19 Afterword
This text was written for Exercises in Psychological Statistics, a course I have been teaching since 2024 at the University of Tokyo’s College of Arts and Sciences. Its contents range from how to use R to Bayesian modelling, and I have rather freely packed in whatever I felt like covering. The selection reflects my own predilections; there is an outline of sorts, but the chapters were written without much concern for length. This is not a textbook in the “one chapter per class meeting” sense, and may feel inconvenient as such. In the 2025 edition of the course I in fact presented the chapter titles and let the students choose which to cover, treating the rest as material to read on their own.
Although the course is hands-on with R, in the age of generative AI it is not necessarily true that students must write code by themselves. I chose to publish this text in Quarto and as a Web page partly so that code can be copied easily. I am not opposed to using generative AI — this book itself has had AI assistance (proofreading, drafting answer checks for exercises). What matters is to use generative AI rather than to be used by it. The point is not to earn course credit but to grow; the joy of learning and discovery should not be ceded to machines.

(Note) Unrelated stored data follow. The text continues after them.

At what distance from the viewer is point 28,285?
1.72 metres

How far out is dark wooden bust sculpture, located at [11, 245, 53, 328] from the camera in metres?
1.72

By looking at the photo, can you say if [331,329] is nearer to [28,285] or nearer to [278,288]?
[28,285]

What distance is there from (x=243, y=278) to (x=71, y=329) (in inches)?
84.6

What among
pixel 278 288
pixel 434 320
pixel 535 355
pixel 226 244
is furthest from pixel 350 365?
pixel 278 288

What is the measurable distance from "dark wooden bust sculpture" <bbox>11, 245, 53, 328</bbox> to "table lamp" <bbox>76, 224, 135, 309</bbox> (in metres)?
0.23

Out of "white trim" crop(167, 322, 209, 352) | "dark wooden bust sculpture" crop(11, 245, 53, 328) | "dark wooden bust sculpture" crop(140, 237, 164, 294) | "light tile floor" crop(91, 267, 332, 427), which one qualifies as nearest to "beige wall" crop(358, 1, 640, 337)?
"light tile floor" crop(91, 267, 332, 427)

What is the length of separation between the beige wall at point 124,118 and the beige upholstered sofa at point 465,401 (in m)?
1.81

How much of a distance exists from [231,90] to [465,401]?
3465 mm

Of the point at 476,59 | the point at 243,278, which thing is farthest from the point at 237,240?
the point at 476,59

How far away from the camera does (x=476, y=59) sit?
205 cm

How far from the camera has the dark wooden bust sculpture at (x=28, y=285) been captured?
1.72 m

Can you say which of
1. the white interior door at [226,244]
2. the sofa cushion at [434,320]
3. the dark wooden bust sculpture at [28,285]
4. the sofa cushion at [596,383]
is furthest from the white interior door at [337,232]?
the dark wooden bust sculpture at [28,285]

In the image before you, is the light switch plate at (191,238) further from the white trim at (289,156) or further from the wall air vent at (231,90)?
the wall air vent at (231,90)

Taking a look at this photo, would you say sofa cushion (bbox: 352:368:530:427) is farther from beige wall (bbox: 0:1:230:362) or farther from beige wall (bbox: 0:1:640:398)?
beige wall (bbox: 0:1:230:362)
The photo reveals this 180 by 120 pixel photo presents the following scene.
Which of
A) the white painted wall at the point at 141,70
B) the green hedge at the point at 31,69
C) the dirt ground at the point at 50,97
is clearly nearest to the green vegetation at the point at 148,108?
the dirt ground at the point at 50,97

I chose an online format also because R and Stan are free software that keep evolving. Versions change, links break; an online document can be updated. I still felt the pull of the printed page, so PDF and EPUB versions also exist.

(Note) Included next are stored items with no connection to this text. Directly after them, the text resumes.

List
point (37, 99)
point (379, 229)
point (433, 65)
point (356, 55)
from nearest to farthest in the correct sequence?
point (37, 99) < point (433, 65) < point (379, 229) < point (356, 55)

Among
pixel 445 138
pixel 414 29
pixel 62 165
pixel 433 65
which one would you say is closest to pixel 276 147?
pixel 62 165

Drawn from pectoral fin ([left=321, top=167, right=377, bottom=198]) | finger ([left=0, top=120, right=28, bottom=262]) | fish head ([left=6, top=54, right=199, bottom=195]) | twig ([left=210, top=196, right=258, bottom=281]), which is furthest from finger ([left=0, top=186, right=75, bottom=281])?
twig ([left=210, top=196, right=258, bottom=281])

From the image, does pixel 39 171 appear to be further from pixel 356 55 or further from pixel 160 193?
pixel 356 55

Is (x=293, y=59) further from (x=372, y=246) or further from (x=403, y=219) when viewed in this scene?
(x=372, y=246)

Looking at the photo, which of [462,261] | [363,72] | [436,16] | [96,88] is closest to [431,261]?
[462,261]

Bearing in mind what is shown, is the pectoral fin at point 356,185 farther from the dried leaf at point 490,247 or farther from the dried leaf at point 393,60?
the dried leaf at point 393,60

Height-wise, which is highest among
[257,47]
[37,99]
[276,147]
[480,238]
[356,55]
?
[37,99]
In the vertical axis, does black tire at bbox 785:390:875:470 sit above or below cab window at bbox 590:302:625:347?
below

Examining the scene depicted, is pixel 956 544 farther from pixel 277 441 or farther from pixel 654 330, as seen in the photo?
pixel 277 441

In the 2024 edition not all chapters were available; in particular, the Bayesian chapters were written alongside the 2025 course. I had planned to finish everything in 2024, but it took me until the end of the summer holidays in 2025. The delay has had its compensations: multivariate analysis and Bayesian modelling could be included with room to breathe.

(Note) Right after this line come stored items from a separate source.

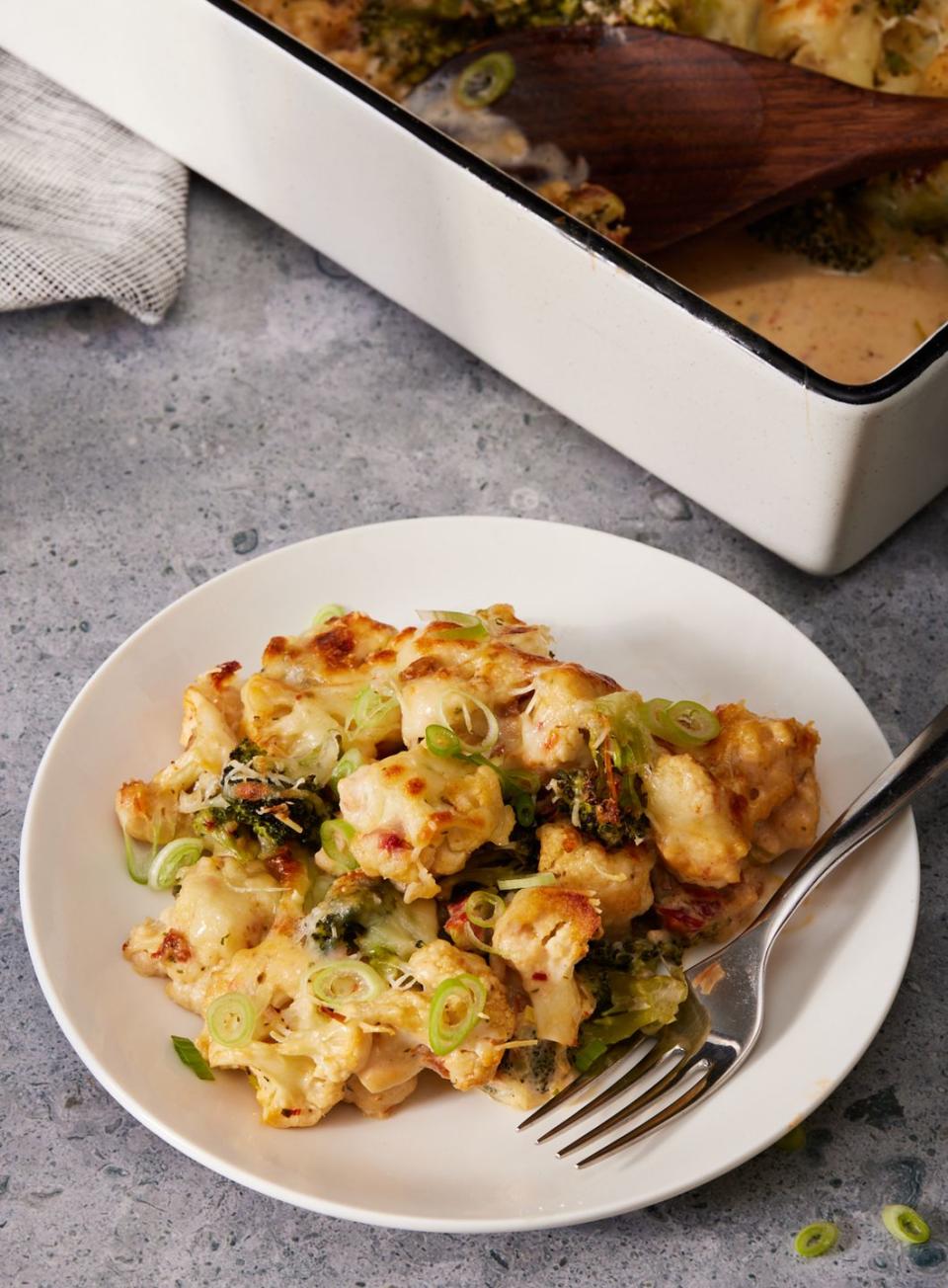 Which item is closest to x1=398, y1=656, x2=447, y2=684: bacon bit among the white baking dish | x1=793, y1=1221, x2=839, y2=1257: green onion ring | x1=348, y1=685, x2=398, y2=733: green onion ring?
x1=348, y1=685, x2=398, y2=733: green onion ring

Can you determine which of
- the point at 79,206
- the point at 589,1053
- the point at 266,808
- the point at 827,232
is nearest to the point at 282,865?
the point at 266,808

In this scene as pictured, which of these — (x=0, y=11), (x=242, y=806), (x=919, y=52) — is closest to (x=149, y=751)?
(x=242, y=806)

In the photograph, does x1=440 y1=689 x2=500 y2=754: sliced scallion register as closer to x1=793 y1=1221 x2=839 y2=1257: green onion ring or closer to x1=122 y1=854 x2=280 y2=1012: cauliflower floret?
x1=122 y1=854 x2=280 y2=1012: cauliflower floret

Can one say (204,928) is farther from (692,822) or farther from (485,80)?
(485,80)

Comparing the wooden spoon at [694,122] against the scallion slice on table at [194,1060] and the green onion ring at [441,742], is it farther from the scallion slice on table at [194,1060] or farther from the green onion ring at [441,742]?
the scallion slice on table at [194,1060]

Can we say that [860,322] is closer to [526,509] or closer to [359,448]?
[526,509]

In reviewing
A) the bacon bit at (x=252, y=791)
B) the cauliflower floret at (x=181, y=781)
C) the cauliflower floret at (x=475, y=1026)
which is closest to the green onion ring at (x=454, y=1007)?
the cauliflower floret at (x=475, y=1026) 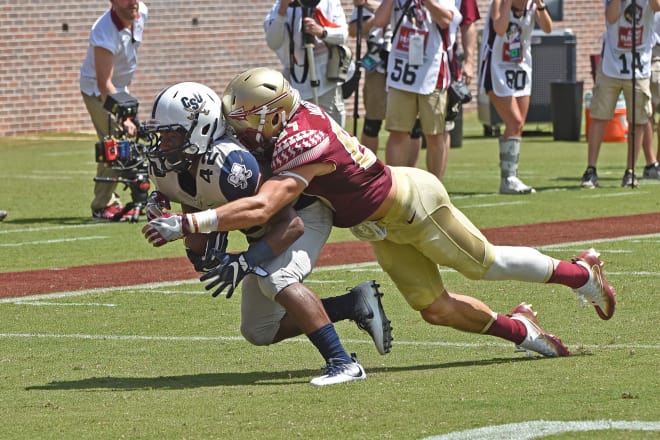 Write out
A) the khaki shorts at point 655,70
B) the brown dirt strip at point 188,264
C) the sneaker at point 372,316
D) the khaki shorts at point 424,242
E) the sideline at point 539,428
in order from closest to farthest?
the sideline at point 539,428, the khaki shorts at point 424,242, the sneaker at point 372,316, the brown dirt strip at point 188,264, the khaki shorts at point 655,70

Much of the material overlaps with what I have written elsewhere — the same author, after all. I am not sure how cleanly the niches should be carved; this volume has perhaps a slightly more exercise- and practice-oriented flavour. I do, however, think it useful to have a single resource that treats psychological-statistics exercises — including Bayesian methods — in a unified way. If it proves useful to anyone, I shall be glad.
Since this is my own course material, it has not been formally peer-reviewed. Any errors are mine alone. If you notice anything, please let me know; I will fix it immediately.